The assumption when a team drops out of the Premier League is that they will be well-placed to return in short order. Norwich City have made an almost exact science of it, spending seemingly every season as either Championship title contenders or top flight relegation fodder. Parachute payments often give relegation sides financial muscle that outstrips their new Championship peers. But despite their long tenure in the Premier League, there are precious few building blocks for Burnley. The ground is rapidly giving way at their feet.
ALK Capital bought the football club using a leveraged buy-out similar to that seen at Manchester United. A £65 million loan was taken out against the club itself in a highly-controversial move. The terms of that loan were that the full balance would need to be paid off by December 2025. However, this was contingent on Burnley retaining their Premier League status. In the event of relegation, the vast majority of it comes due with almost immediate effect. Putting aside the usual financial hit from dropping out of the Premier League, the loss of television revenue, competition prize money and commercial revenue, Burnley now find themselves millions of pounds worse off due to loan repayments.
Facing a season in the Championship with a vastly-reduced war chest, Burnley’s situation is worsened by the state of their squad. The Lancashire club have the contracts of nine first team players expiring at the end of June. Ben Mee, who has spent time as a coach this season, Jack Cork and Ashley Barnes do have options for a year’s extension, but it is unclear whether these will be taken up. The likes of Aaron Lennon, Matej Vydra and Dale Stephens face an uncertain future, while it has already been confirmed that James Tarkowski will be moved on. For a club with depleted funds, a huge chunk of their squad could need replacing quickly.
Plenty of those left over will probably interest rival clubs too. It is hard to picture Dwight McNeil spending next season in the Championship, while relegation is not what striker Wout Weghorst signed up for either. England international Nick Pope will likely want to move on in a World Cup year. Maxwel Cornet has shown flashes of brilliance this season, and he has a £17 million release clause in his contract. The fact Burnley could lose their most gifted talent while receiving a fee that barely makes a dent in their bills is painful for supporters and ownership alike.

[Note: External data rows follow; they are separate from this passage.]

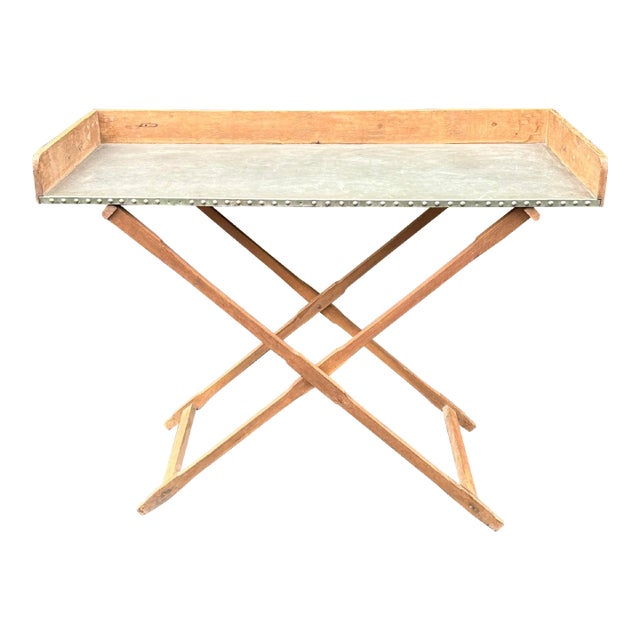 Rustic Zinc Lined Bleached Garden Table Bar Tray on Stand, One of a Kind For Sale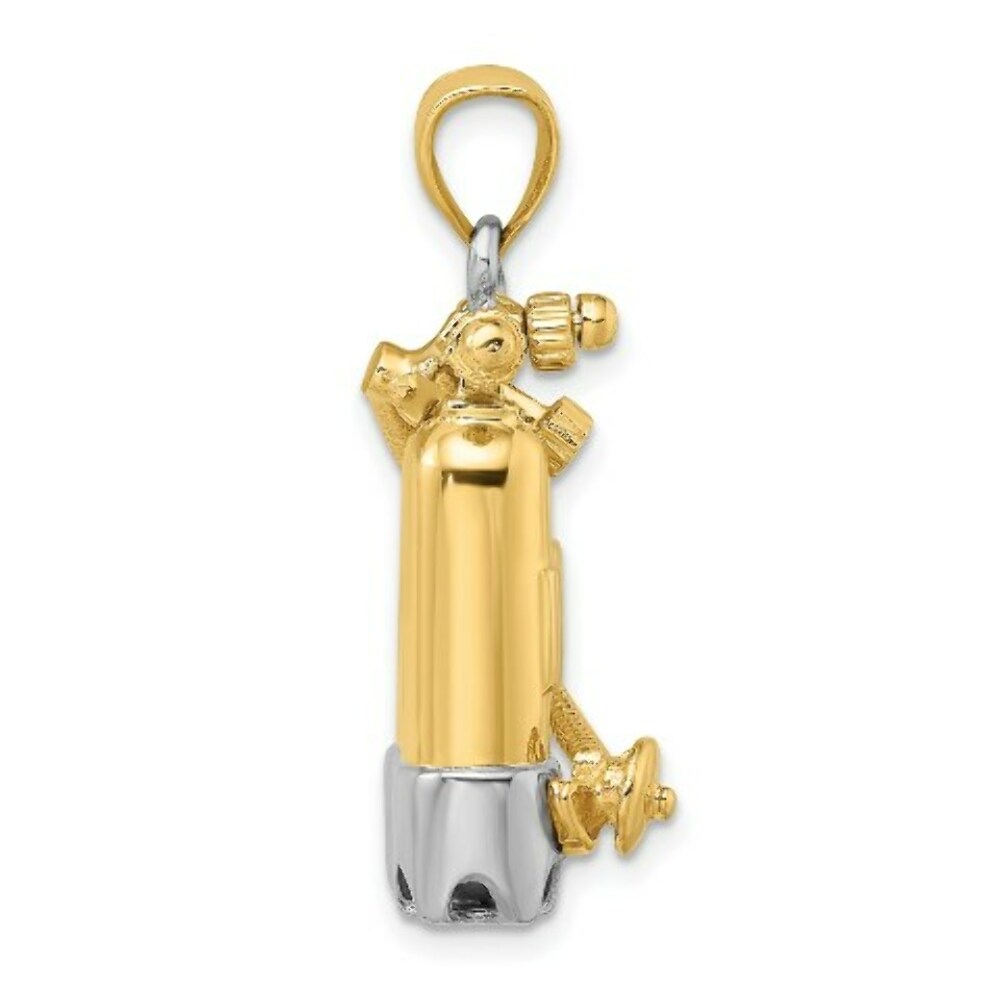 14K Two-tone Gold 3-D DOUBLE Scuba Tanks With Air Hose Charm Pendant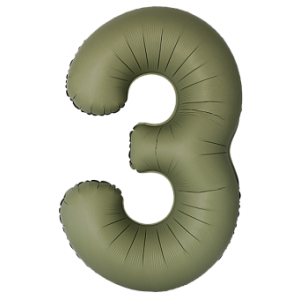 Оливковый Матовый фольгированный шар цифра 3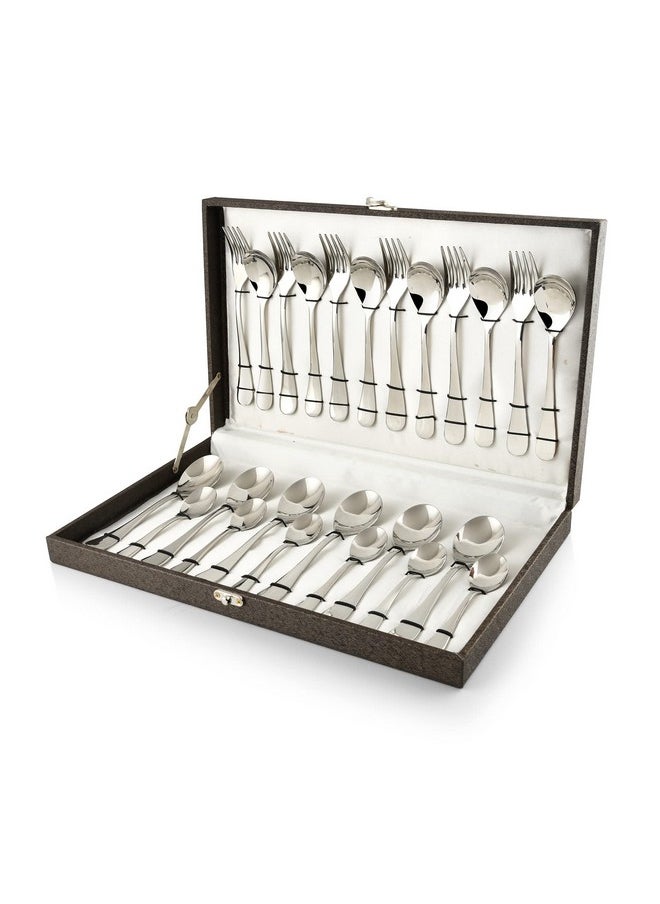 FNS FnS Victoria Stainless Steel 24 Pcs Box Cutlery Set with Leatherette Box (6 Dinner Spoon, 6 Dinner Fork, 6 Teaspoon, 6 Baby Spoon)  - Image 1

A balance sheet covered in red ink and a dressing room that is emptying at an alarming rate are still not the end of Burnley’s issues. The flux also extends to the coaching situation. The club sacked Sean Dyche after a decade at the helm, replacing him with a caretaker in the form of under-23s boss Mike Jackson. The former Tranmere Rovers boss surely put himself in the frame for the permanent job, despite the club dropping down. Other names mentioned are Vincent Kompany of Anderlecht and Bodo/Glimt’s Kjetil Knutsen.
Whoever is in the hot seat and whatever the identity of Burnley’s starting eleven on the opening day of next season, they face a mammoth task. Far from becoming instant promotion favourites like many relegated Premier League teams, Burnley will be attempting a complete rebuild on a reduced budget. The Dyche sacking felt like the end of an era. Now the race is on for Burnley and ALK to kick-start another.